When insuring financial risk under a lease or employment agreement, the following are considered losses of the insured:

· under a lease agreement with the right to purchase the leased property – the outstanding value of the leased property as of the day of the insured event;

under a lease agreement without the right to purchase property, as well as under a lease agreement - the cost of property leased, leased;

b) if the counterparty of the insured violates the obligations assumed under the contract with the insured in relation to making payments under the contract within the terms specified by the contract - the amount of payment not received within the established terms.

If the sum insured is set at a certain percentage of the amount of possible losses of the insured, then the amount of insurance compensation is calculated in the same percentage of the amount of losses subject to compensation.

The insurer shall be released from the payment of insurance indemnity if:

the policyholder has committed intentional actions that caused the occurrence of an insured event;

· the insured event occurred as a result of the impact of a nuclear explosion, radiation or radioactive contamination, military operations, civil war;

· losses are reimbursed in full to the insured by the person guilty of causing them;

· the policyholder has waived his right to claim against the person responsible for the losses, or the exercise of this right has become impossible due to the fault of the policyholder;

· the policyholder deliberately failed to take reasonable and accessible measures to reduce possible losses.

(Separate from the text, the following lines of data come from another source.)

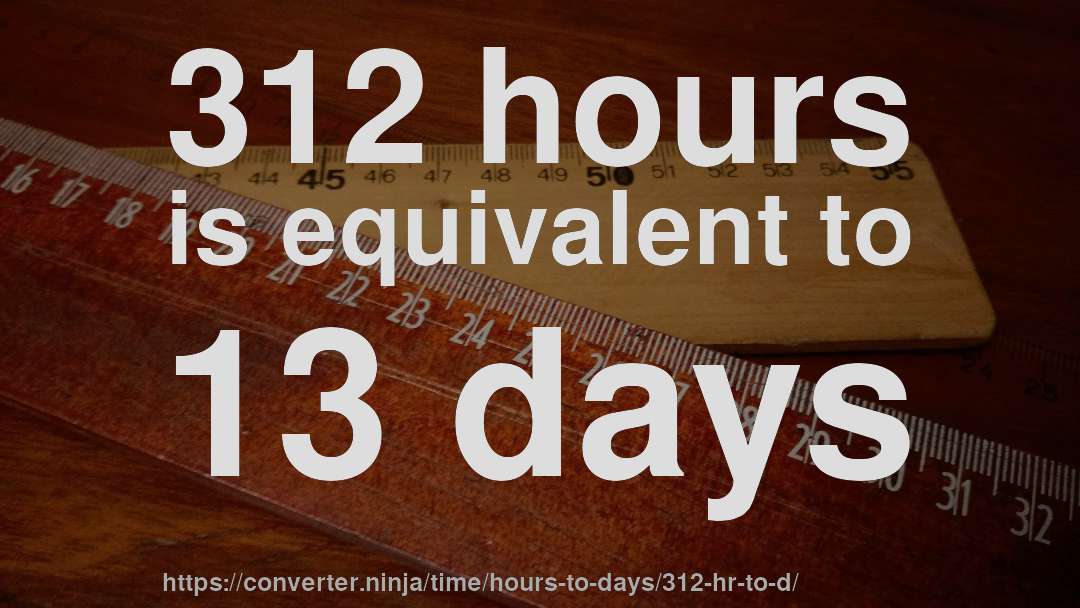 312 hours is equivalent to 13 days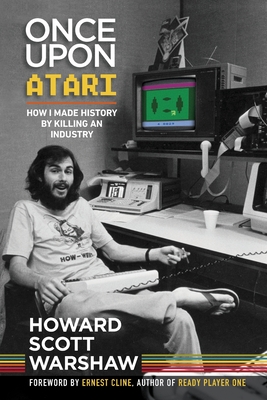 Once Upon Atari: How I made history by killing an industry - Howard Scott Warshaw
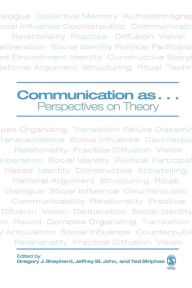 Title: Communication as ...: Perspectives on Theory / Edition 1, Author: Gregory J. Shepherd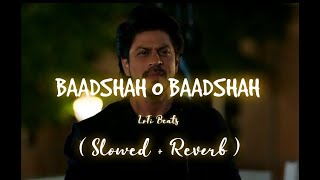 Baadshah O Baadsha   Baadshah  Abhijeet   Slowed  Reverb   LoFi Beats [upl. by Eisserc]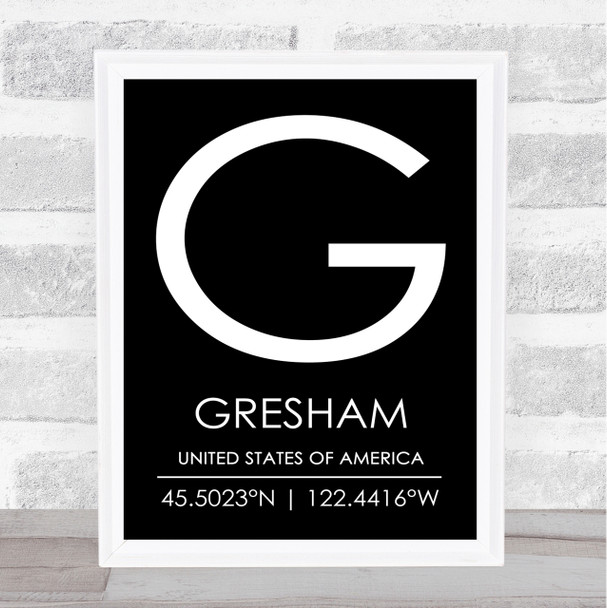 Gresham United States Of America Coordinates Black & White Travel Quote Print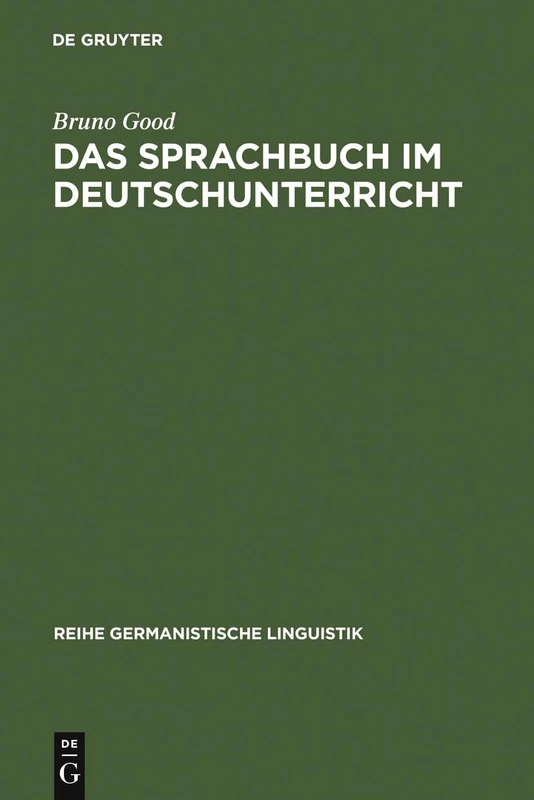 Das Sprachbuch im Deutschunterricht: Linguistische Und Mediendidaktische Untersuchungen Zu Beispielen Aus Dem Schweizer Sprachbuch: 40 (Reihe Germanistische Linguistik)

Consider the features of insurance of financial risks under leasing agreements.

International leasing has been developed in the area located at the intersection of the so-called investment and implementation activities. Leasing is, first of all, a long-term lease of machinery, equipment, vehicles used in international economic relations. The rental form of export of leasing objects creates economic benefits for both parties. The lessee acquires the opportunity to use expensive equipment without large investments, as well as pay rent as they receive profit from the operation of the leased equipment. Lessor - expands sales. Leasing organizations can quickly and comprehensively satisfy the needs of various sectors of the national economy for unique types of instruments, equipment and other production capacities, which contributes to their technical re-equipment and competitiveness.

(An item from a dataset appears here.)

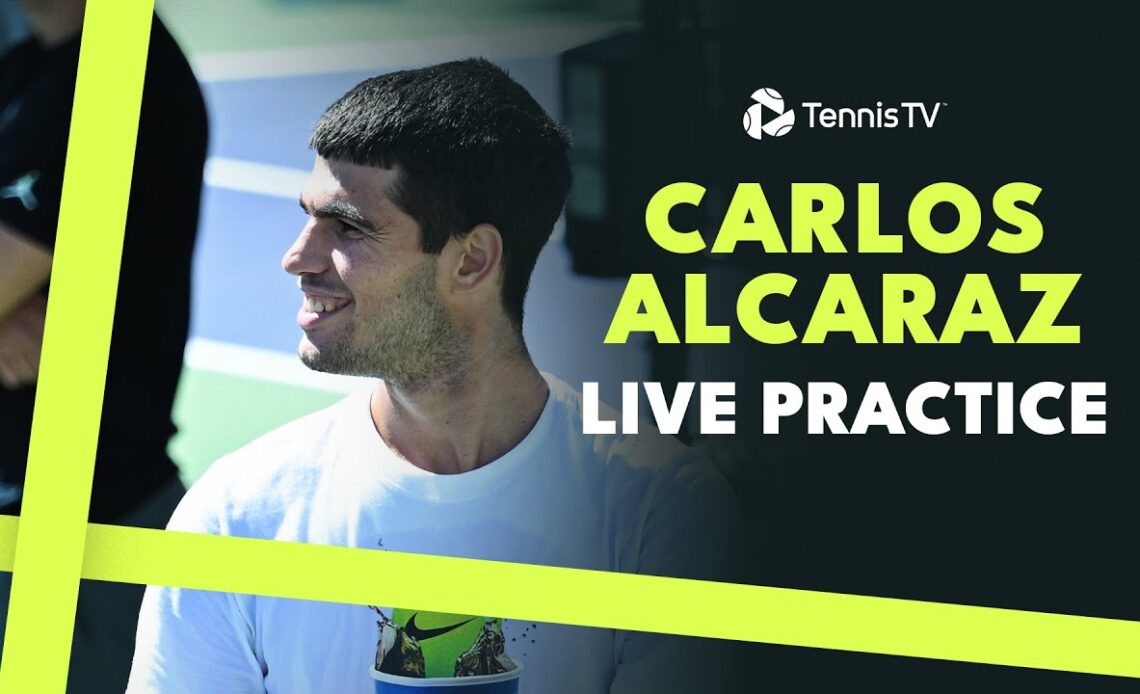 Carlos Alcaraz LIVE PRACTICE Ahead Of Rematch vs Marozsan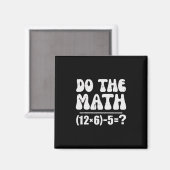 Aimant Do The Math 67 Meme Funny Elementary Math Teacher  (Recto/Verso)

The prospect of international leasing, the possibility of its use by Belarusian enterprises, is limited by the standard problem - the inability to provide solid financial guarantees.

Insurance is another way to get the necessary guarantees. Leasing insurance does not have any specifics and is carried out as a standard in accordance with the Rules of the insurer, the requirements of the insured and the specifics of the insured object. The lessor or the lessee can act as the insured, depending on whose insurable interest is higher.

Leasing insurance can be considered in two aspects: insurance in the implementation of leasing operations and insurance of the object of leasing itself.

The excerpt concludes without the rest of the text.